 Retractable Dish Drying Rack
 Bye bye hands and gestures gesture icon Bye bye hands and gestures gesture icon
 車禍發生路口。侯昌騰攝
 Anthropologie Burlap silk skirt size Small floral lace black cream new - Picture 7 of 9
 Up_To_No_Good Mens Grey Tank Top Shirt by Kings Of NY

- - - - - - -

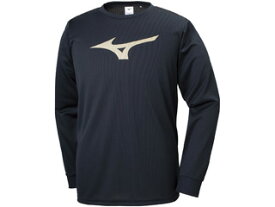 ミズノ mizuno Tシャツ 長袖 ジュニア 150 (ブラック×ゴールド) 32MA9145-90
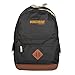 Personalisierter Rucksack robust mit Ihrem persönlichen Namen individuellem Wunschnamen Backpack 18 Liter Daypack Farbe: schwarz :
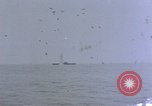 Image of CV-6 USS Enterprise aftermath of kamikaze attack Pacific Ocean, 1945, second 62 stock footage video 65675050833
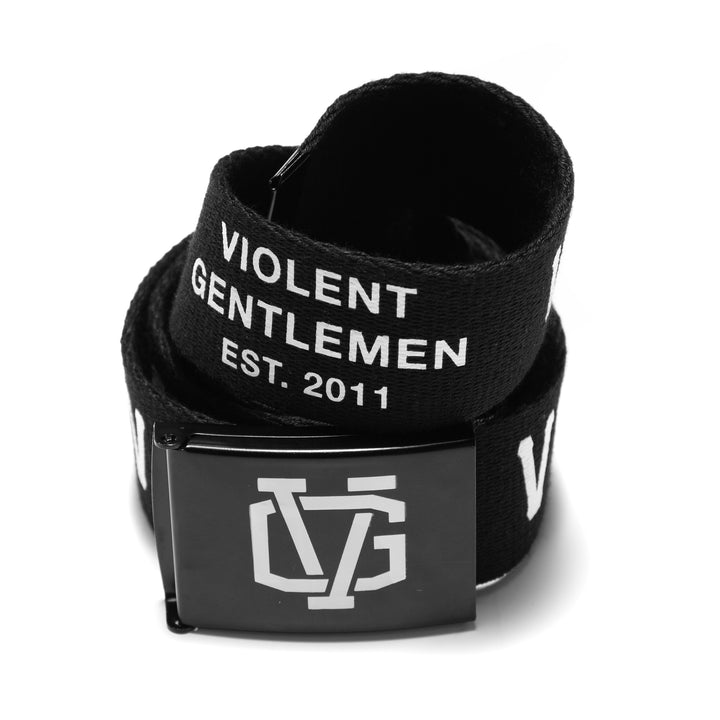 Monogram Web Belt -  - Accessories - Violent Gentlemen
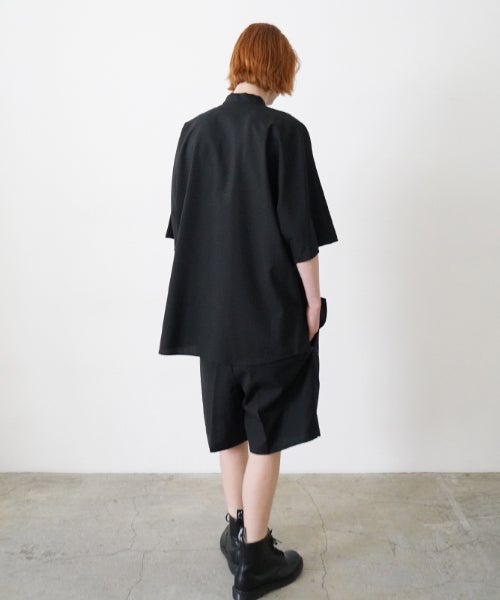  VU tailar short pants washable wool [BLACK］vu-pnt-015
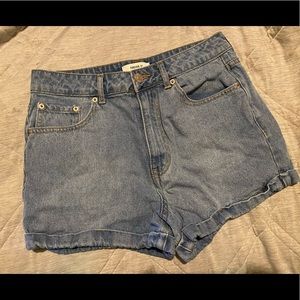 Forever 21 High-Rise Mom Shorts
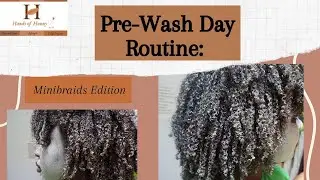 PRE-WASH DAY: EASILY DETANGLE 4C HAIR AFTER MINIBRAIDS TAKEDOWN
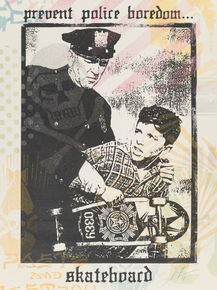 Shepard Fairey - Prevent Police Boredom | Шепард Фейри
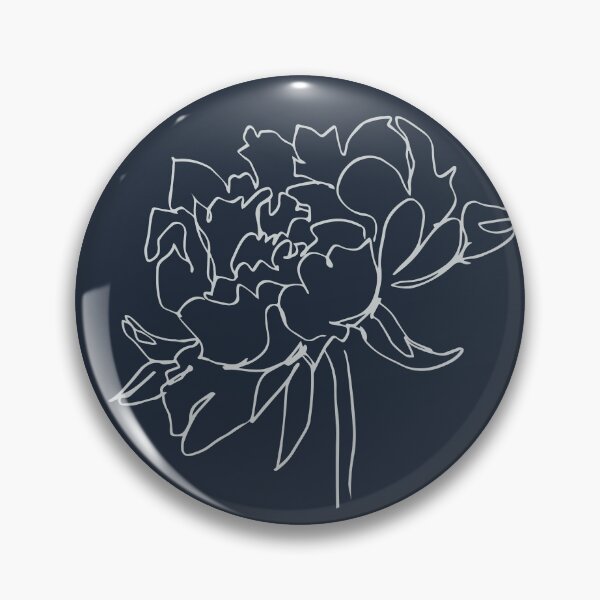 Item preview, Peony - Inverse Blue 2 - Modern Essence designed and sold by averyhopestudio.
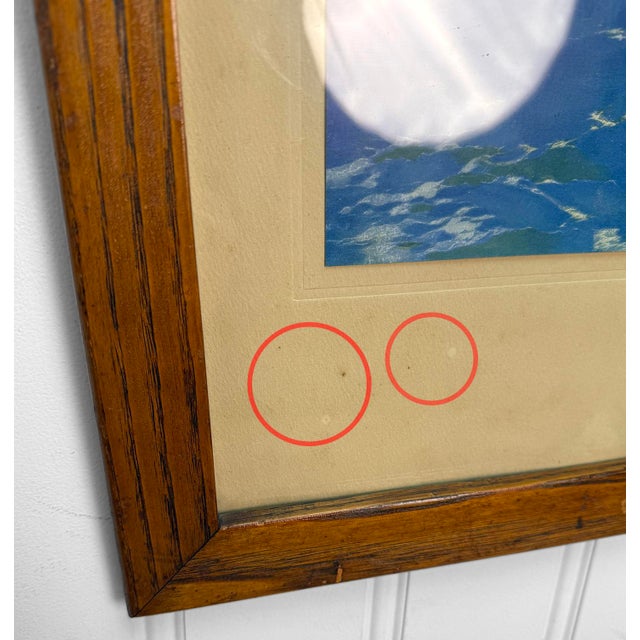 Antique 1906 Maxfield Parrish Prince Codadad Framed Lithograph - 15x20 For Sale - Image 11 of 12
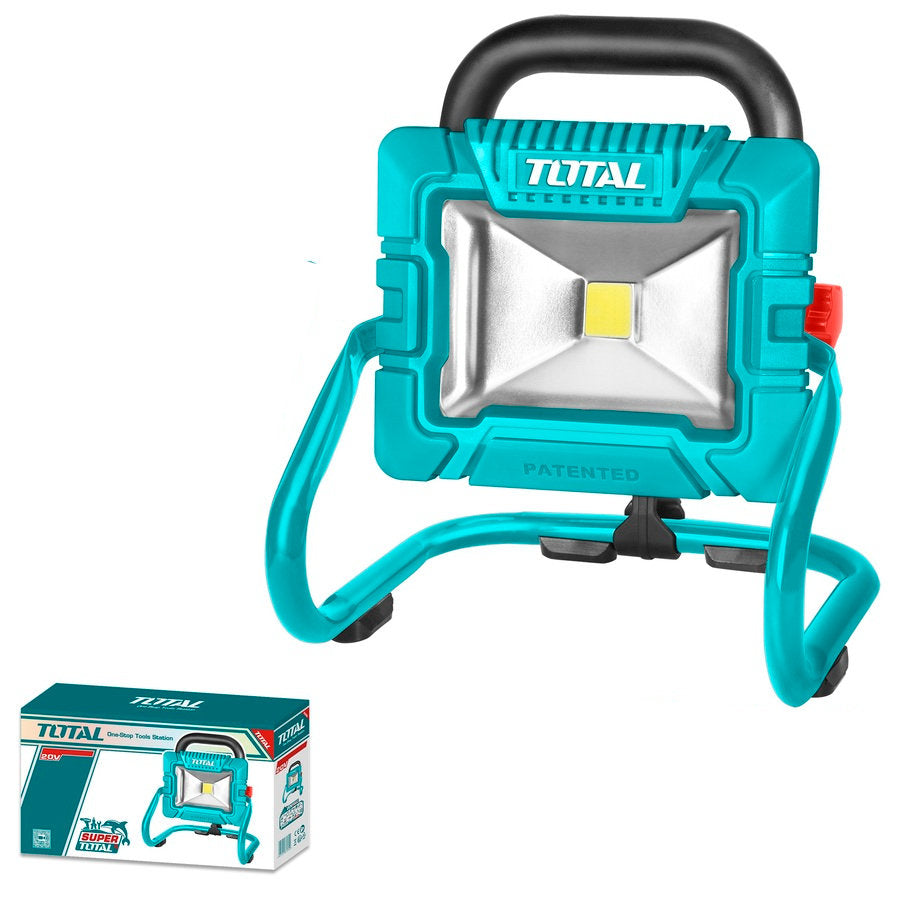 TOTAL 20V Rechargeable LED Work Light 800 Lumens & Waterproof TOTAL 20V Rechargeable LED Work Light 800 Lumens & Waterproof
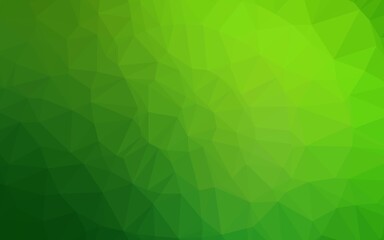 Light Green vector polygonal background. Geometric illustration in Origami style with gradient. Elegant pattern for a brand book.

- - - - - - -

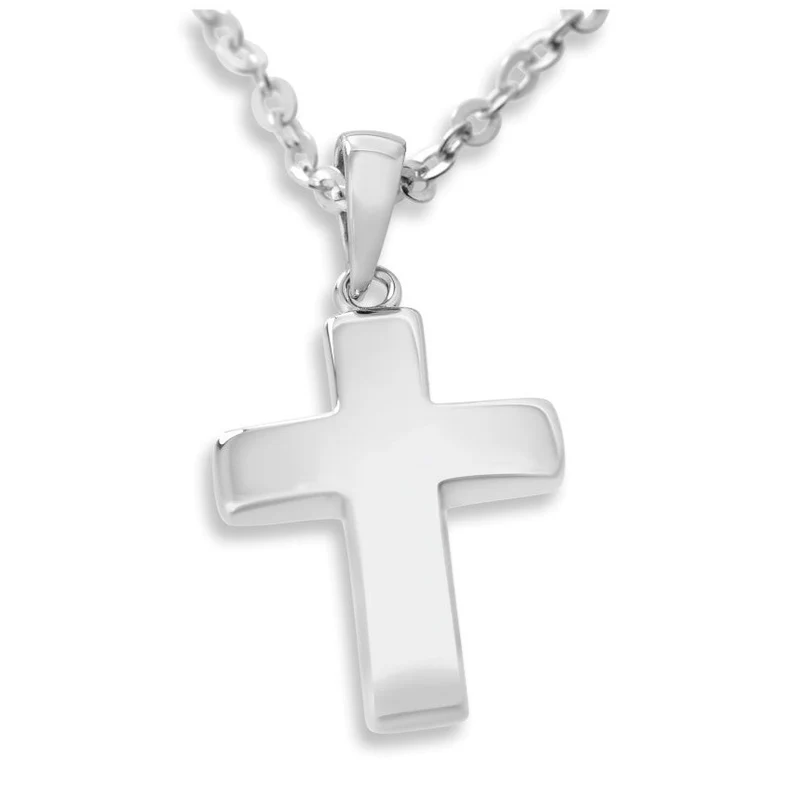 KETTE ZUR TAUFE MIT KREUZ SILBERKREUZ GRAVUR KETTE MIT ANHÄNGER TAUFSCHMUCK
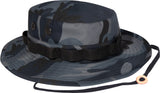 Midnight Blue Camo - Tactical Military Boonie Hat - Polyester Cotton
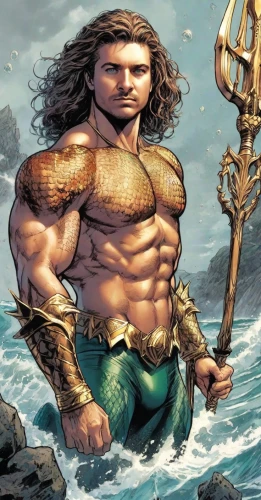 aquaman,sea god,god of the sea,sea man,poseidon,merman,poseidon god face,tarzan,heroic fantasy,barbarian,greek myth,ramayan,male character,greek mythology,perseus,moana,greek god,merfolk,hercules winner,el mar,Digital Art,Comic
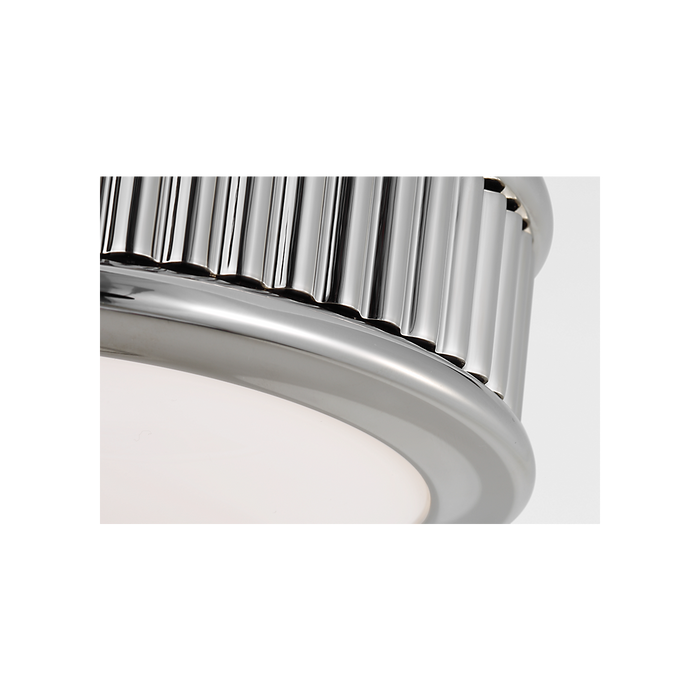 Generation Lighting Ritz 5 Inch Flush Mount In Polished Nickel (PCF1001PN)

- - - - - - -

_WHAT TO PRODUCE_:
Given the records above, return the lines starting at the one that holds "VU tailar short" and ending at the one that holds "Shepard Fairey - Prevent", exactly, and nothing besides; leave every picture out.

_EXERCISE RESULT_:
  VU tailar short pants washable wool [BLACK］vu-pnt-015
 Forever 21 High-Rise Mom Shorts
 PRE-WASH DAY: EASILY DETANGLE 4C HAIR AFTER MINIBRAIDS TAKEDOWN
 Shepard Fairey - Prevent Police Boredom | Шепард Фейри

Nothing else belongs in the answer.